◆ Excerpted records ◆
========

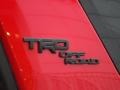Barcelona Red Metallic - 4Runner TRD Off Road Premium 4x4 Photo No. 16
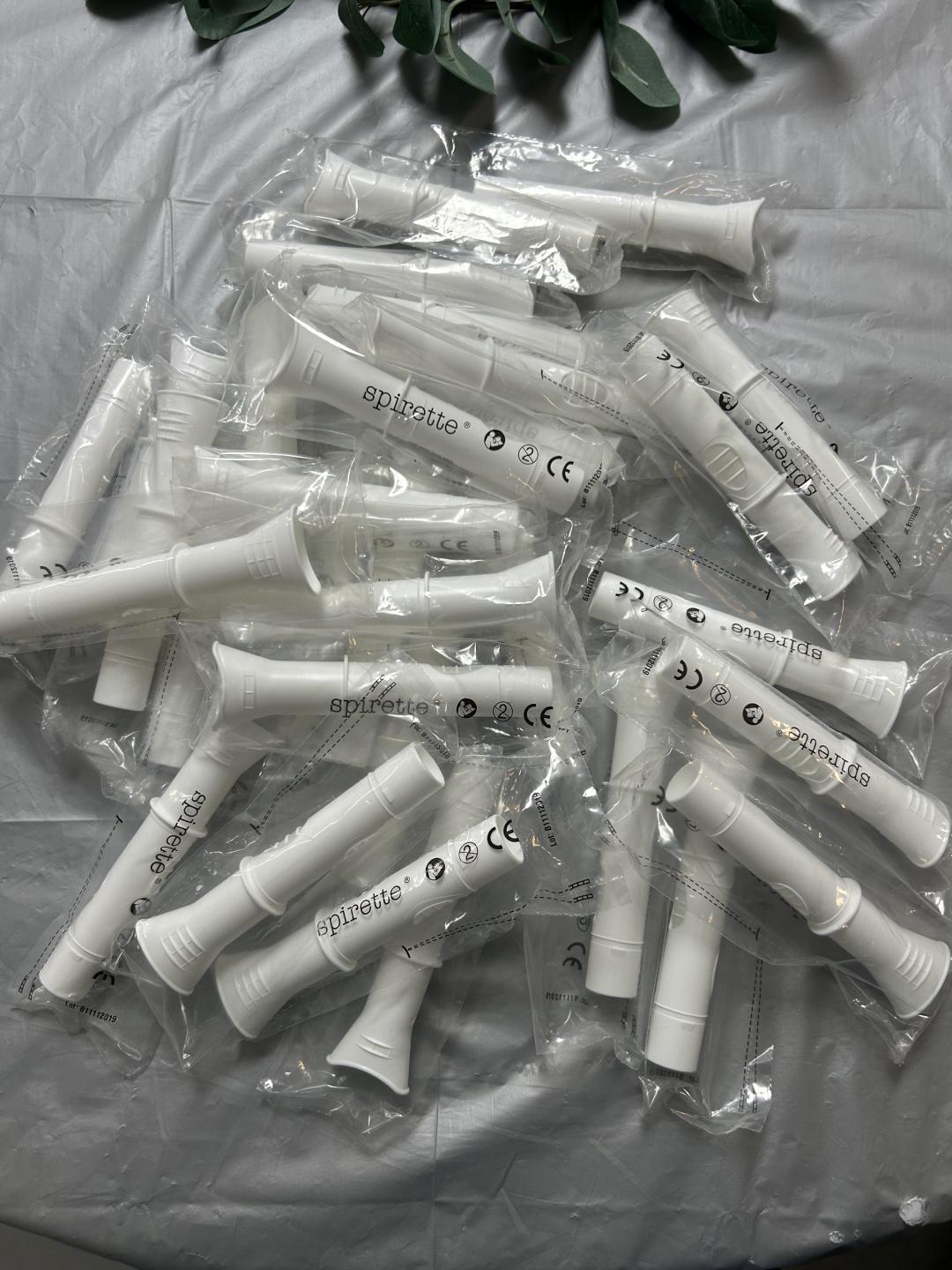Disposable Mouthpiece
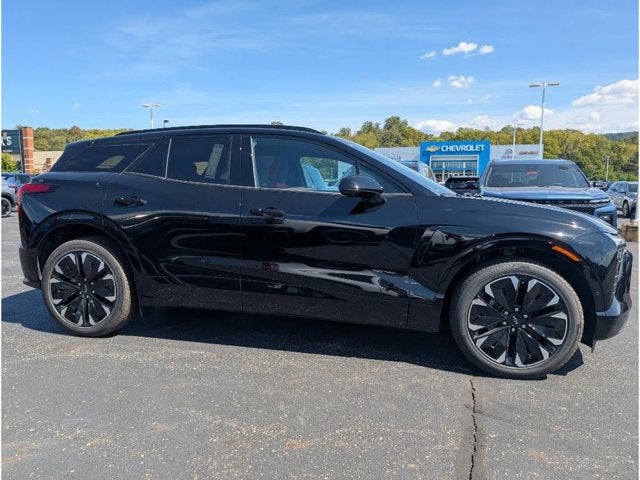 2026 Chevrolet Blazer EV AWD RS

========

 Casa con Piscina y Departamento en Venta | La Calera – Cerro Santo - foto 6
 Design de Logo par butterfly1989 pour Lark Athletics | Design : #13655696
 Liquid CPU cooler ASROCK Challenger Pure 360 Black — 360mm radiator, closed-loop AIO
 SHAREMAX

========

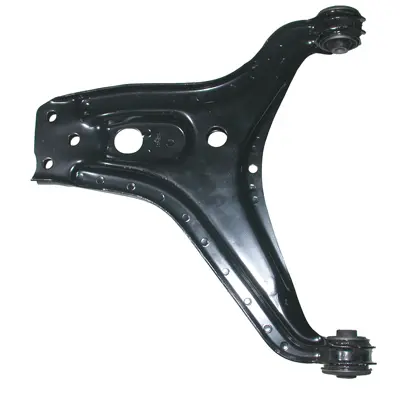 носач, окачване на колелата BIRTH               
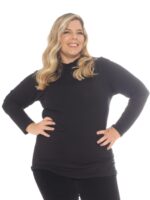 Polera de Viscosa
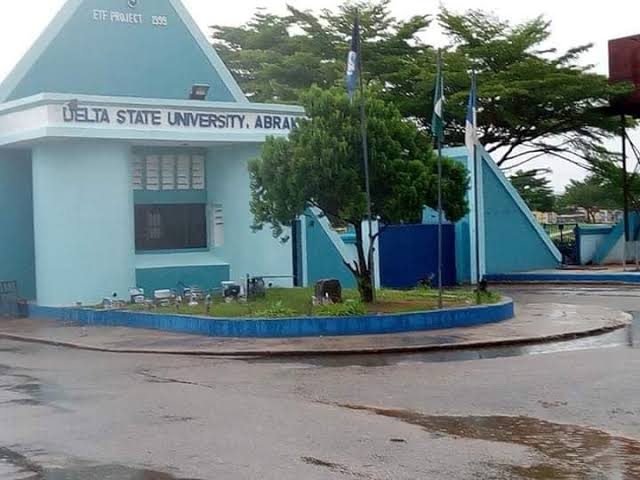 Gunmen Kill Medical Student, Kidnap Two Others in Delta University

========

◆ Instructions to follow ◆
Transcribe the lines above exactly, beginning at the one with "Polera de Viscosa" and ending at the one with "Gunmen Kill Medical". Include both; exclude the pictures.

◆ Result of this exercise ◆
 Polera de Viscosa
 Gunmen Kill Medical Student, Kidnap Two Others in Delta University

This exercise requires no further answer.